Risques « long tail » dans le secteur alimentaire: emballages plastiques, sucres ajoutés ou aliments hautement transformés.
En s’appuyant sur l’exemple du scandale de l’oxyde d’éthylène, il a illustré les risques liés aux produits contaminés et la manière dont ces produits arrivent dans l’UE en dépit des interdictions. Afin de réduire efficacement les risques, il prône une transparence accrue et une meilleure traçabilité de la chaîne d’approvisionnement: aujourd’hui encore, 20 pour cent des produits issus de la pêche font l’objet de déclarations inexactes. Enfin, il a souligné l’importance des risques dits «à longue traîne» dans le secteur alimentaire: emballages plastiques, sucres ajoutés ou aliments hautement transformés.
Pour finir, Lorenzo Natale et Patrizio Pelliccia ainsi que l’organisatrice Daniela Merola ont remercié les personnes présentes d’être venues aussi nombreuses.
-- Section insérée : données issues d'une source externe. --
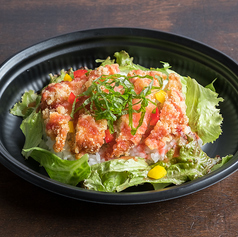 チキンタツタの梅おろし丼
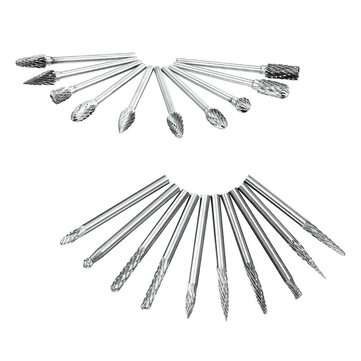 20pcs Tungsten Carbide Steel Rotary Burr Die Grinder Bit Carving Set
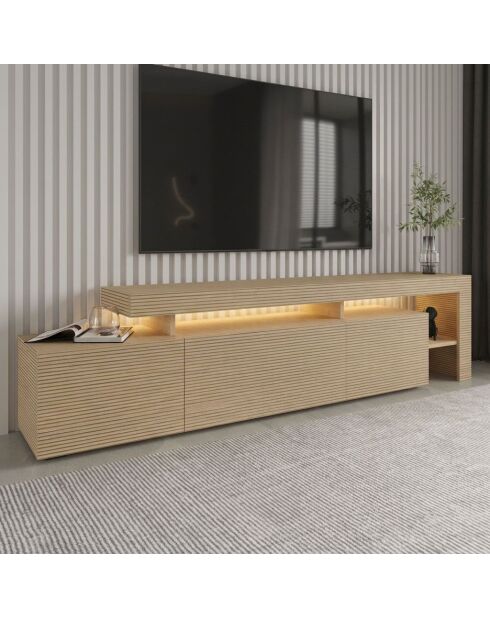 Porta TV Beliz rovere caldo/rovere zaffiro - 192x53x37 cm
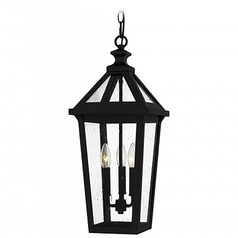 Quoizel Lighting Boulevard Matte Black Outdoor Hanging Light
Le colloque a en effet enregistré un nouveau record de participation en cette année anniversaire de l’ASA: la centaine d’invités a beaucoup apprécié les échanges enrichissants sur des problématiques essentielles pour le secteur ainsi que le passage en revue de plusieurs sujets d’actualité.
À propos du colloque sur la responsabilité civile de l’ASA
L’année 2025 marque la 24e édition du colloque sur l’assurance responsabilité civile de l’ASA. Ce colloque annuel est très apprécié des spécialistes des services des sinistres et de la souscription, non seulement en raison des exposés pratiques passionnants qui y sont présentés, mais aussi et surtout parce qu’il offre une occasion rare d’échanger entre pairs et de se constituer un réseau.